It would be a dreary book if his entire point had been to out her. In fact it's his second volley in a sustained effort to re-envision the poet, following his 2010 biographical novel, The Secret Life of Emily Dickinson. Although serious and deeply informed, A Loaded Gun is not a scholarly book; if anything, it's an attempt to free the existing scholarship about Dickinson from the confines of the academy. It is less literary criticism than threnody, a bold, loose-limbed, Whitman-like prose-poem lamenting the constrictive previous, but still prevailing, notions of Dickinson and lauding instead a wild woman of words.

Charyn says, repeatedly, that Dickinson is a riddle that will never be solved, and we'll likely never know whether Dickinson acted on her sexuality. But he leaves no doubt that she had a sex life, if only in her fevered imagination. Her verse, he writes, "was the poetry of a renegade, who could unsex herself if she had to, masquerade as a man, or shift from sex to sex, like Virginia Woolf in Orlando. Her letters read like a catalogue of seductions, and her poems are often fired up with pain, in the coded language of a failed love affair, real or imagined. She was in love with Susan Gilbert, however we may define that love."

Drawing on research by Carol Smith-Rosenberg, Charyn notes, "Women [in 19th-century America] had their own signs and symbols, their own love codes. 'Girls routinely slept together, kissed and hugged each other.'" "Still," he writes later, "most critics were completely unprepared when Rebecca Patterson published The Riddle of Emily Dickinson (1951), a book that redefined this village spinster as a sexual outlaw, who had a romance with another woman, Kate Scott."
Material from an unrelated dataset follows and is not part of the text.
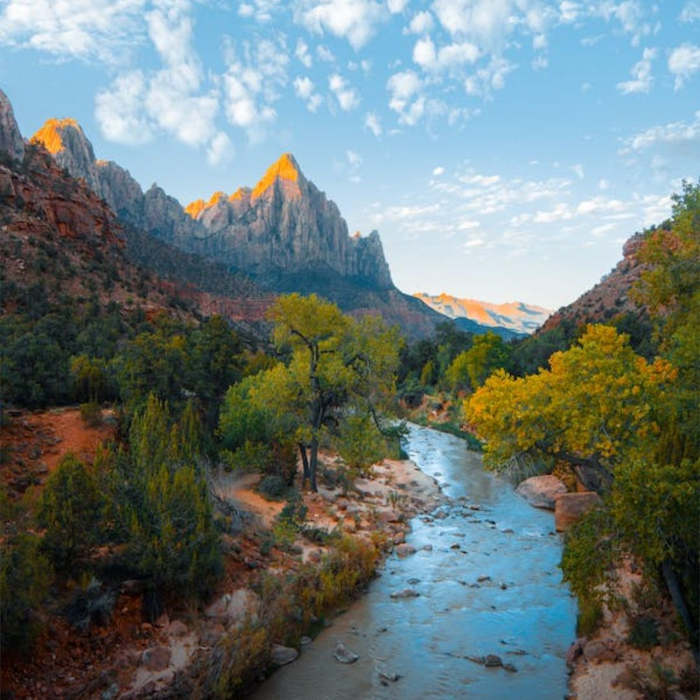 naturaleza, poesías medio ambiente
What fascinates Charyn more than any imagined sex is Dickinson's elliptical "coding" of it and much else. You can feel how much Charyn would have liked to break that code, to devise his own, definitive annotated version of Dickinson's Lexicon. But what readers get is not the thrill of the peeping tom but the deeper excitement of entering the labyrinth of the poems, these "telegrams from the moon." Charyn quotes the letter in which Dickinson writes, "If I read a book [and] it makes my whole body so cold no fire ever can warm me, I know that is poetry. If I feel physically as if the top of my head were taken off, I know that is poetry."

There's nothing dull about his depiction of the sexual tiger in Dickinson's tank, ever burning bright, but Charyn puts her poems in the refracted light of numerous other perspectives as well. He is at his most acute about the poems not as texts but as things, the written objects she composed with scant thought of posterity. He leaves you hungry to feel the poems in Dickinson's own hand, many of them fragments left on the backs of envelopes and other scraps of paper, later bound (stabbed, really) by hatpins and handed to others for whatever guardianship they preferred. Whenever possible, he's touched them, and his reports back from that frontier consider the famous dashes (he calls them "violent"), the word spacings, the eccentric spellings and the literal shapes some of the poems and fragments take as composed on three-dimensional paper surfaces.

There are asides, on downstream Dickinsonians from Joyce Carol Oates to the mid-20th-century artist Joseph Cornell, who made shadow boxes. The most "devastating" of them is Toward the Blue Peninsula (for Emily Dickinson), which incorporates a daguerreotype of what may well be Dickinson with Kate Scott around 1859, the relatively recent discovery of which haunts these pages. "It is," Charyn writes, "according to [Dickinson scholar] Christopher Benfey, the single most trenchant response, in all of American art, to the meaning of her life art."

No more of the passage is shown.